Let $a_1,a_2,\cdots$ be a sequence of real numbers with $a_i\geq 0$. If $\sum_{n=1}^{\infty}\frac{1}{1+a_n}<\infty$ then show that $\sum_{n=1}^{\infty}\frac{1}{1+x_na_n}<\infty$ for each real sequence $x_i$ with $x_i\geq 0$ and $\lim \inf x_n >0$.
Suppose $x_n\geq 1$ for all $n$ then $1+x_na_n\geq 1+a_n$ for all $n$. So, $\frac{1}{1+x_na_n}\leq \frac{1}{1+a_n}$ and in particular, we have $$\sum_{n=1}^{\infty}\frac{1}{1+x_na_n}<\sum_{n=1}^{\infty}\frac{1}{1+a_n}<\infty.$$
So, we are done in this case.
We can assume that $\lim \inf x_n$ is less than $1$.
Just to get some idea, considering some simple sequences. Let $x_n=\frac{1}{2}+\frac{1}{n}$. Then $$\sum_{n=1}^{\infty}\frac{1}{1+x_na_n}=\sum_{n=1}^{\infty}\frac{2n}{2n+(n+2)a_n}=2\sum_{n=1}^{\infty}\frac{n}{2n+(n+2)a_n}=2\sum_{n=1}^{\infty}\frac{1}{2+(1+2/n)a_n}$$
Now, clealy $2+(1+2/n)a_n\geq 1+a_n$ which implies $$\sum_{n=1}^{\infty}\frac{1}{1+x_na_n}=2\sum_{n=1}^{\infty}\frac{1}{2+(1+2/n)a_n}\leq 2\sum_{n=1}^{\infty}\frac{1}{1+a_n}<\infty.$$
So, we are done. There is nothing special about $2$.. Any $k$ would guarantee the convergence.
For $x_n=\frac{1}{k}+\frac{1}{n}$ then $$\sum_{n=1}^{\infty}\frac{1}{1+x_na_n}=k\sum_{n=1}^{\infty}\frac{1}{k+(1+k/n)a_n}\leq k\sum_{n=1}^{\infty}\frac{1}{1+a_n}<\infty.$$
For this sequence, $x_n=\frac{1}{k}+\frac{1}{n}$, the $\lim \inf x_n $ is $\frac{1}{k}>0$. I want to do the same for general $1>\epsilon >0$. Given $1>\epsilon >0$ there exists $k$ such that $\epsilon>\frac{1}{k}$.
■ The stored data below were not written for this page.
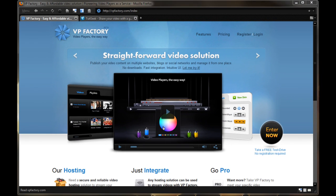Hey guys, KidGuerer, Adrian here for TechWorld and today I want to show you a website by the name of VPFactory.com. Video players the easy way is their slogan.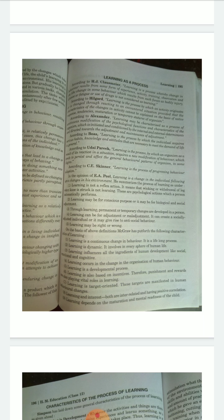Learning and interest are both interrelated and have a positive correlation. If you show interest in something or you want to learn something desperately, learning becomes more effective. Learning and interest are both important and related to each other. Learning also depends on the maturation and mental readiness of the child. So these are all the important points about learning.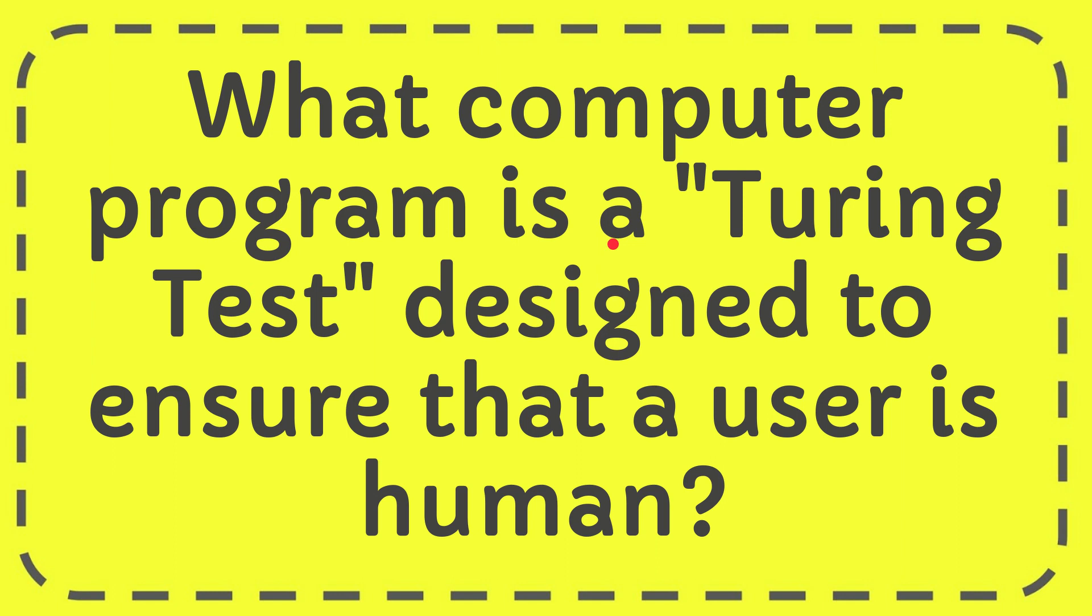In this video I'm going to give you the answer of this question. The question is: What computer program is a Turing test designed to ensure that a user is human?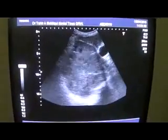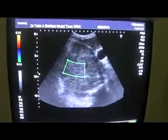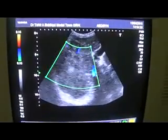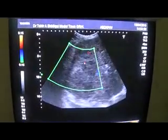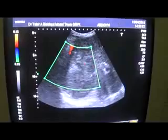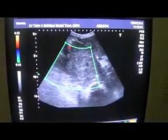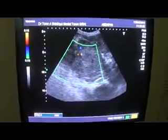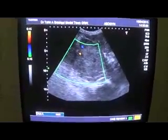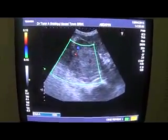So this is the mass — I am showing you the total mass. The mass does show vascularity. You can see the vascularity within the mass, both arterial as well as venous. This is the venous component and this is the arterial component.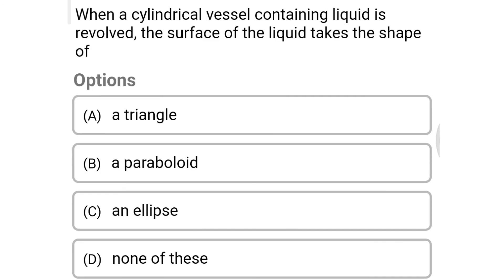Next question: when a cylindrical vessel containing liquid is revolved, the surface of the liquid takes the shape of — Option A: triangle. Option B: a paraboloid. Option C: an ellipse. Option D: none of the above. The correct answer is Option B, a paraboloid. We will see more in the next video. Thank you.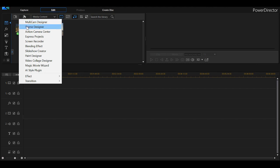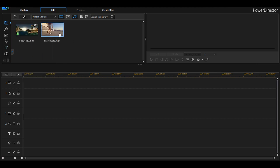We also have a theme designer and a title designer where you can design and animate text. There are a whole bunch more things we could go into — if you're interested in more effects and features, let me know in the comments.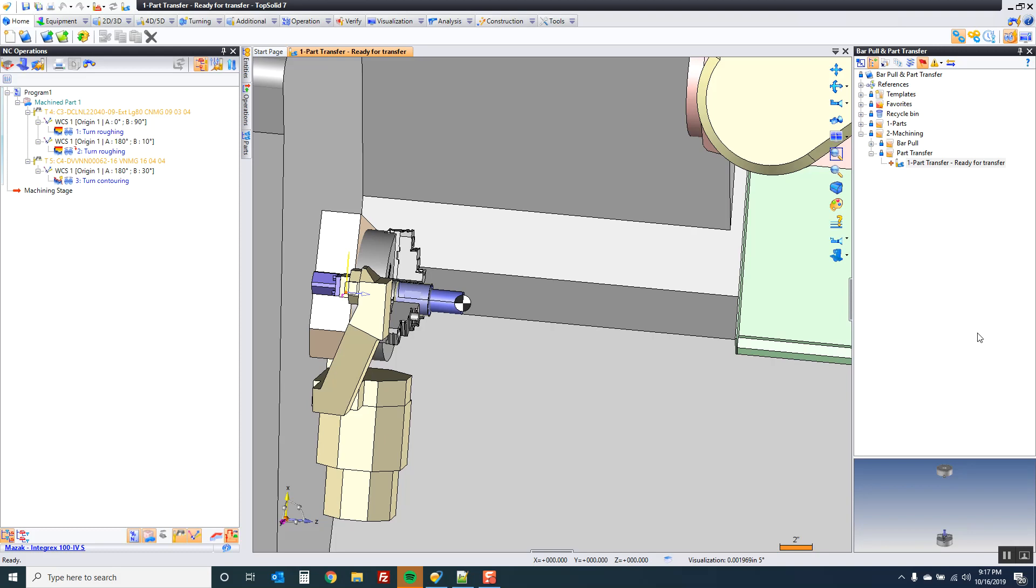Hi, and welcome to TopSolid 7. In this video, I'm going to show you how to use the part transfer command within the TopSolid 7 cam environment. This command has been improved in version 7.13 or the 2019 release of TopSolid 7.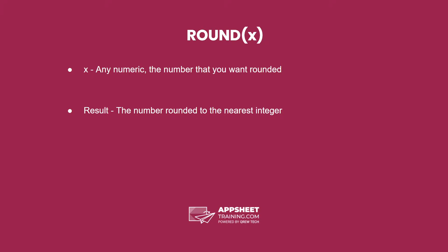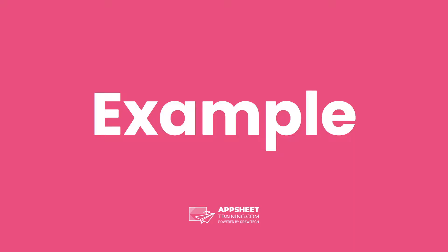The syntax is the word round followed by one parameter, being any numeric, the number you want rounded. The result is the number rounded to the nearest integer.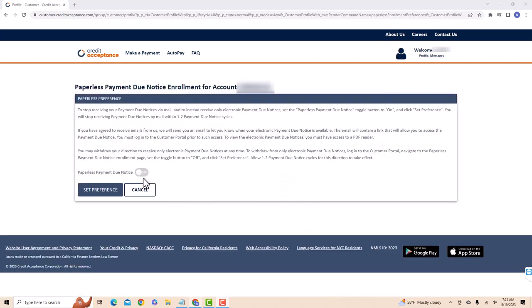On this page, read the details and reminder. Beside paperless payment due notice, you will see a toggle button. Toggle to on. After that, click on the set preference button.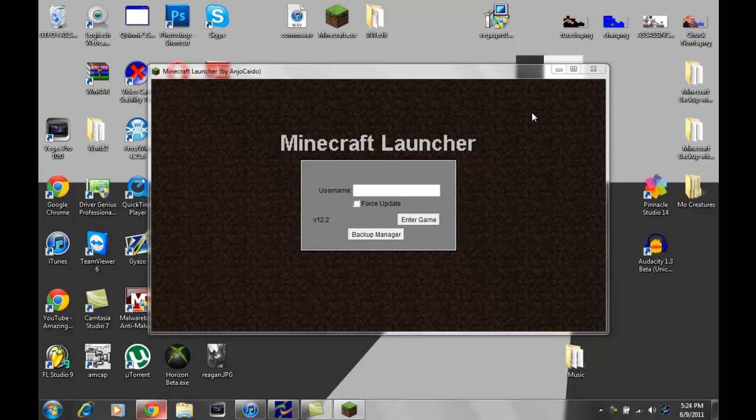Hey guys, Colmey Quinny here coming at you all with a tutorial, a second tutorial actually on how to change your skins in Minecraft.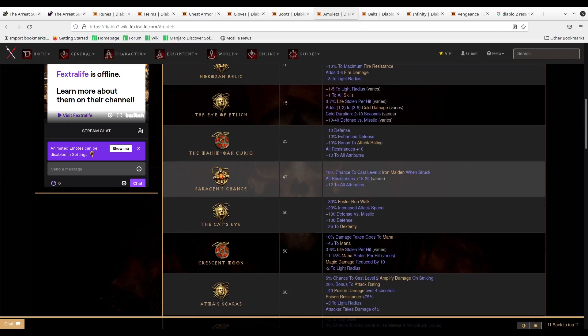I guess you could also consider Saracen's Chance, which is some life and all resistances, but this build already has a lot of life. I guess out of the options for alternatives to Metalgrid, I would say probably Saracen's Chance is the best as that's going to have higher all resist and higher life because the paladin is three vitality per point, or I'm sorry, three health per point of vitality. So 12 times three versus 10 times three is going to be a small difference in that particular case. But yeah, I guess you could also do that to lower the amount of points you have to spend into your stats as well. Just like what you would do with Waterwalk. I guess it's really up to you, but those are your options right there.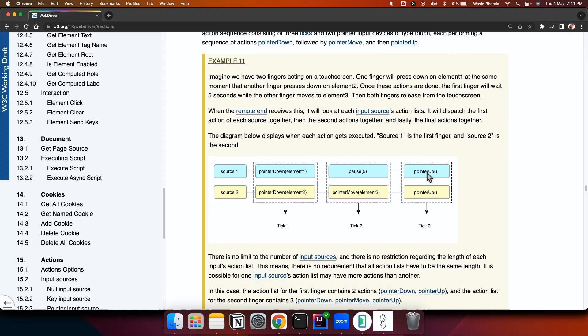Second finger what it does it is doing pointer down on a particular element, then it is doing pointer move to a second element and it is doing pointer up. So this is equivalent to a drag and drop action.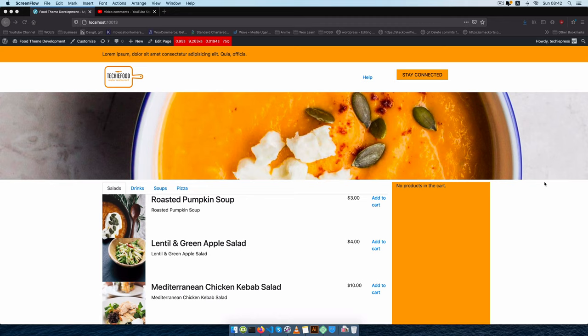Welcome back to the channel. In today's video we are going to make a couple of changes to our theme to improve it, and we're going to fix a couple of bugs that are starting to crop up as we are developing.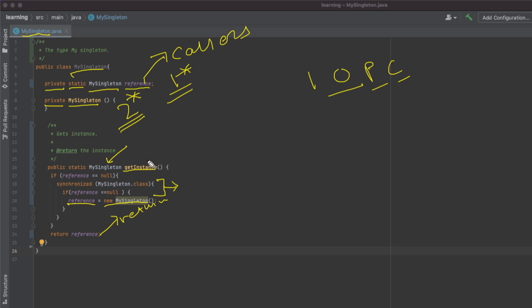The first time this method is called, the reference is null, so we create a new MySingleton object, assign it to the reference, and return it. On subsequent calls, since the reference property is already set to an object, the null condition is false — we come directly to the return line and return the already-created MySingleton object assigned to the reference property.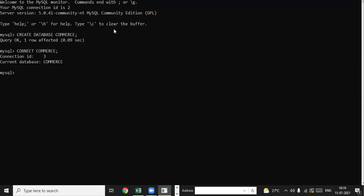Once connected to the database commerce, you can create as many tables inside it as you want. Now to create a table, we use the command CREATE TABLE. CREATE TABLE is a DDL command — DDL stands for Data Definition Language, which covers all commands related to the physical structure of the table.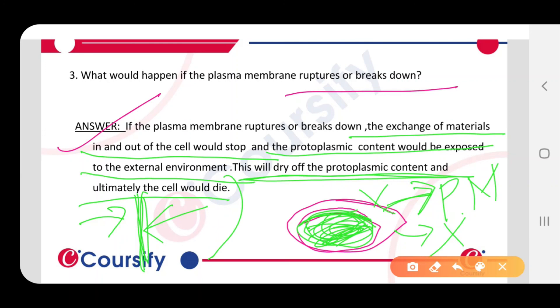So, if the plasma membrane does not remain, ultimately what will happen is that the cell will be dead because the protoplasmic content will dry out, and ultimately it will lead to the death of the cell.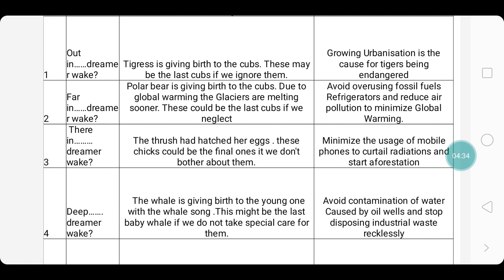Next we move on to the second stanza. Again I have written the first word as well as the last word of the second stanza, and the literal meaning: the polar bear is giving birth to cubs. Due to global warming, the glaciers are melting sooner — these could be the last cubs if we neglect. The theme is: overusing fuels and refrigerators should be avoided, and we need to reduce air pollution to minimize global warming.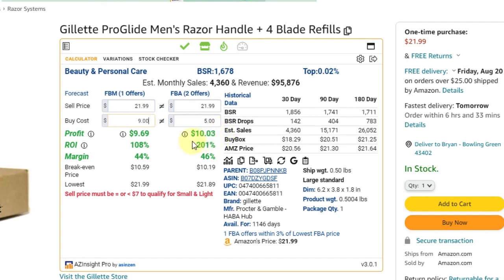The return on investment is 108% for FBM versus 201% for FBA. The profit margin is 44.46%. Your break even price — the price you'd sell at to break even — is $10.59 FBM with $5 cost of goods and $4 shipping, leaving you with zero. Selling at $21.99, you have $11.40 of room before you break even. For FBA, the break even is $10.19, so you can go even lower selling fulfilled by Amazon.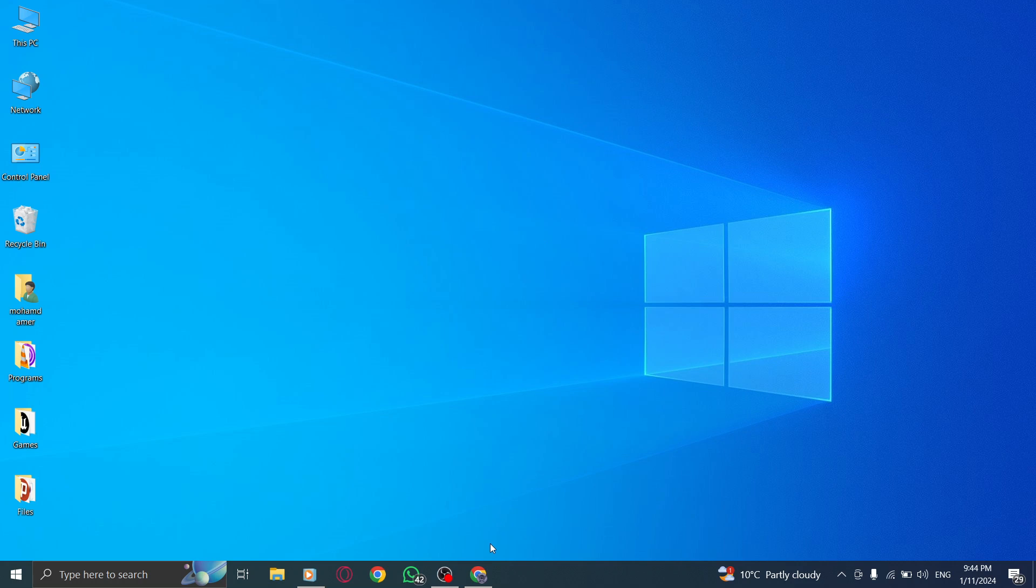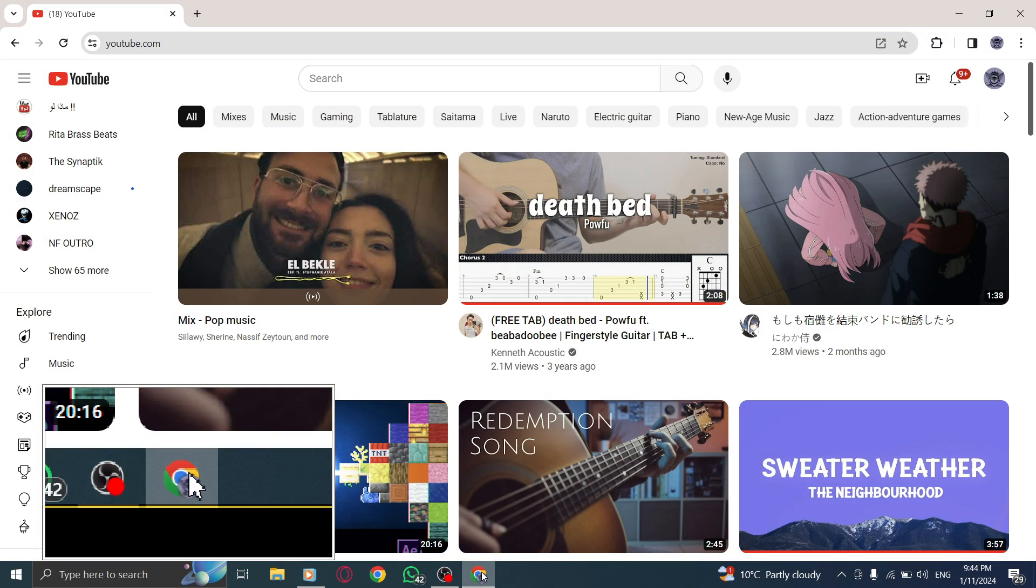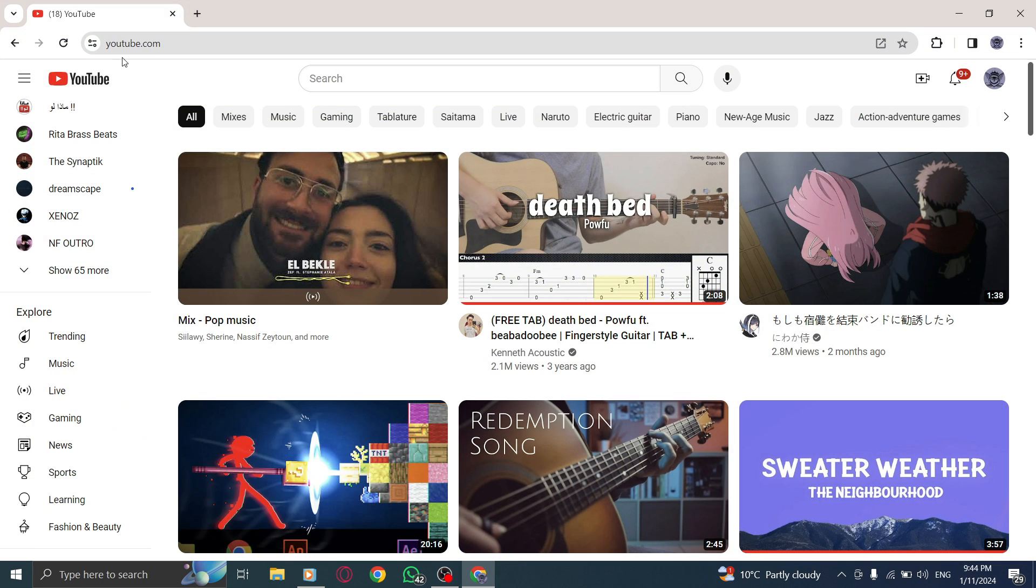Step 1: Open YouTube on your PC. Launch your web browser and navigate to youtube.com.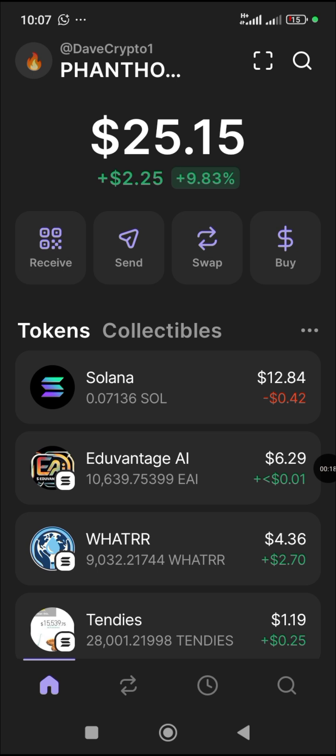In this video I want to show you something on this Phantom wallet. For those of you that are buying meme coins using the Phantom wallet, I want to show you how to buy a meme coin on Phantom.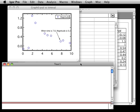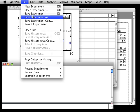At some point, you'll want to save the graphs, tables, and data, such as waves and data folders, as an Igor experiment. This is easy to do. Just choose the File Save Experiment menu item.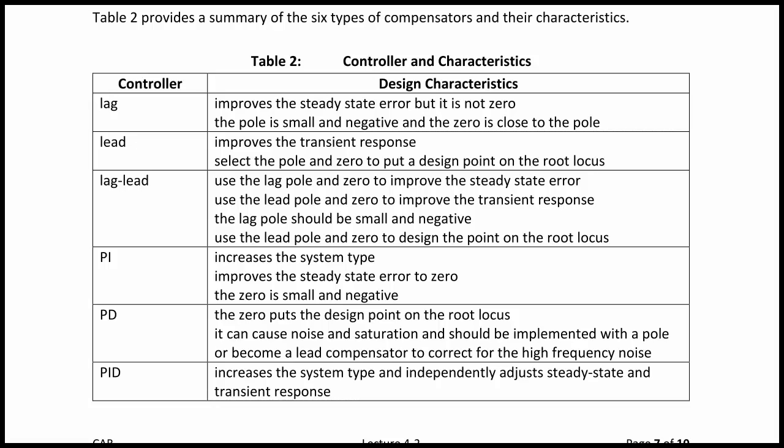The PI controller increases the system type and improves the steady-state error to zero; the zero must be small and negative. A PD controller places the zero at the design point on the root locus, but it can cause noise and saturation and should be implemented with a pole or become a lead compensator to correct for high-frequency noise. Finally, a PID controller increases the system type and independently adjusts the steady-state error and the transient response.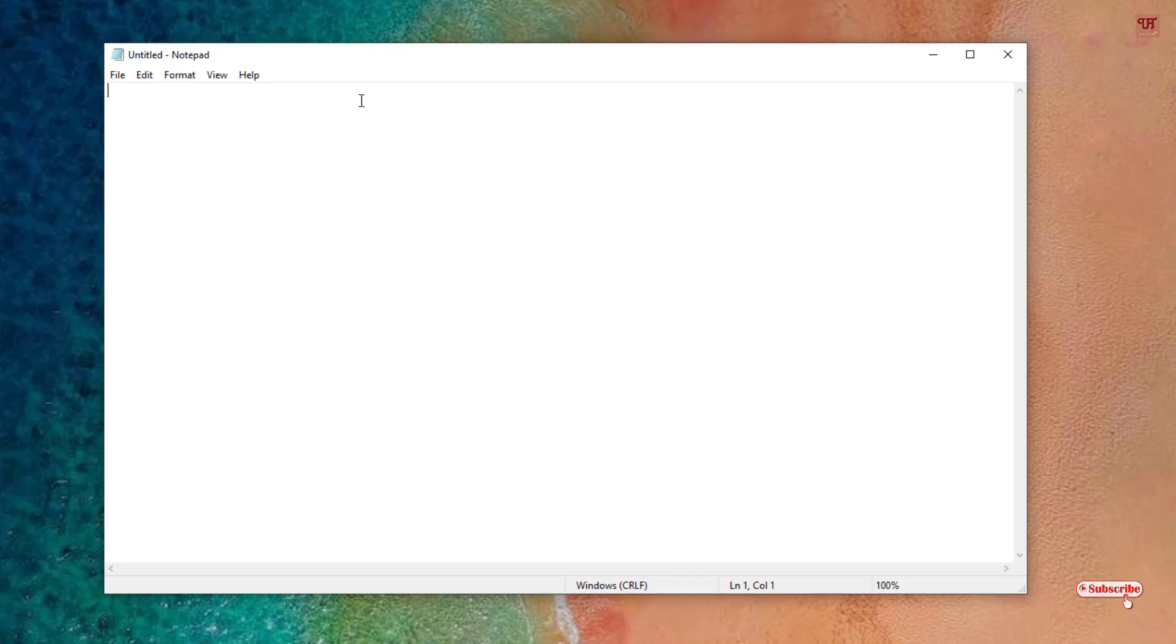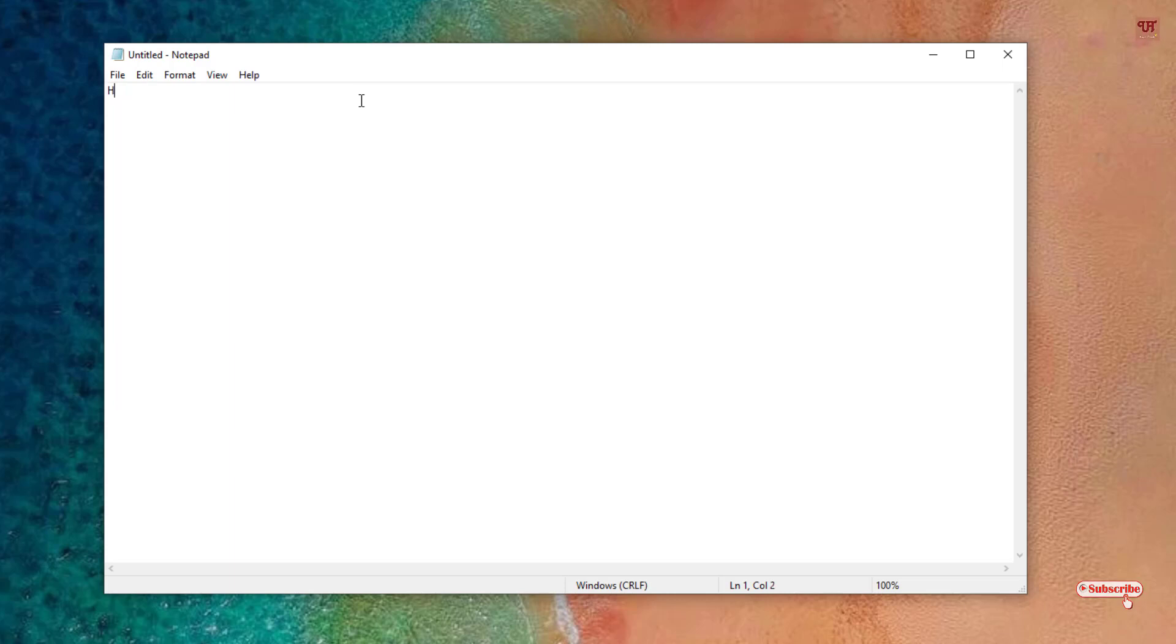Let me show you how you can delete a word with just one key press in Windows computer. So let me type some words.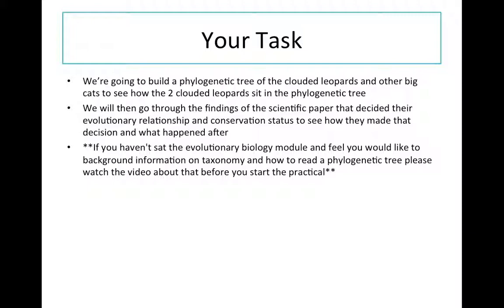Just a bit of advice: if you haven't sat the evolutionary biology module and you feel you would like a little bit more background information on taxonomy and how to read a phylogenetic tree, please watch the video about that before you start the practical.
So, $$\lim \inf x_n=\epsilon >\frac{1}{k}=\lim \inf \frac{1}{k}+\frac{1}{n}$$
Then i want to say $x_n\geq \frac{1}{k}+\frac{1}{n}$. So, $$\frac{1}{1+x_na_n}\leq \frac{1}{1+(1/k+1/n)a_n}$$ and in particular,
$$\sum_{n=1}^{\infty}\frac{1}{1+x_na_n}\leq \sum_{n=1}^{\infty} \frac{1}{1+(1/k+1/n)a_n}\leq k\sum_{n=1}^{\infty}\frac{1}{1+a_n}<\infty.$$
I just want to know if there are any gaps or false statements.
Convergence only depends on the tail of the series.
If $\liminf x_n \ge b > 0$, then there is some $N$ such that for $n > N$, $x_n > b/2$. Let $B = \max(1, 2/b)$.
Then for $n > N$, $$\dfrac{1}{1+x_n a_n} \le \dfrac{1}{1 + (b/2) a_n} \le \dfrac{B}{1+a_n}$$
By a Comparison test, $\sum_n 1/(1+x_n a_n)$ converges.